M – Oh filha papa!? Então mas tu jantaste em casa da avó…

C – Não mamã qué papa na caja da mamã!

M – Carolina tu acabaste agora de comer! Comeste canja, comeste banana… – sou interrompida com determinação

C – Não jantou! Não jantou! Eu qué papa na caja da mamã!!

M – Está bem filha! Então e o que é tu queres comer?

C – ovinhos… – E sorri com um ar guloso!”

Não obstante a óbvia gula que a minha filha tem por ovos, fiquei a pensar, que de facto, a rotina tem um peso gigante nas nossas vidas. Ontem, porque tivemos que ir terminar um trabalho à ultima hora, foi o meu irmão que os foi buscar à creche, foram para casa dos meus pais, tomaram banho, jantaram, e quando nós chegámos andavam de pijama e pantufas a brincar com o Tio Gabriel. Nós chegámos, comemos um prato de canja, demos dois dedos de conversa e viémos embora. Mas, como  a rotina diz que antes de ir para cama jantam, ao chegar a casa, este peso falou mais alto e pediram para jantar [outra vez!]. Ainda pensei que já prestes a dormir nos pedissem leitinho, mas nem isso, foi mesmo só o condicionalismo da rotina do dia a dia. Chegaram a casa, deitaram-se e dormiram.

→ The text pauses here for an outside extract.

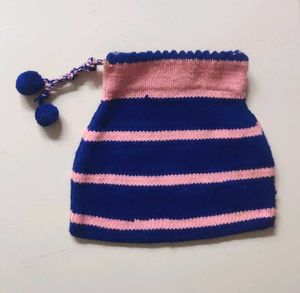 Blue &amp; Pink Knitted Potli Bag Pouch Purse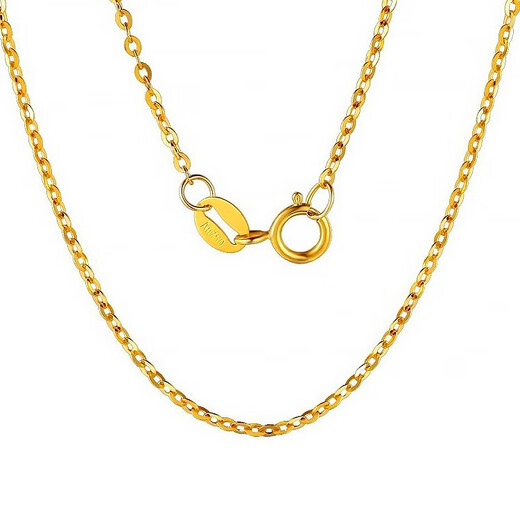 Only double 18k gold necklace women's O-shaped gold color can be matched with pendants new single chain gift jewelry boutique versatile style gold color 1.38g42cm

Tenho pena que as melhores alturas da nossa vida, aquelas em que os filhos precisam de nós, em que nos querem bem dispostos e disponíveis para eles, sejam hipotecadas em horários, compromissos, trabalho seja a que horas for. Tenho pena de viver numa sociedade que prega valores familiares, mas nada faz para os preservar, para os incentivar, para os promover. É este o mundo que queremos deixar para os nossos filhos?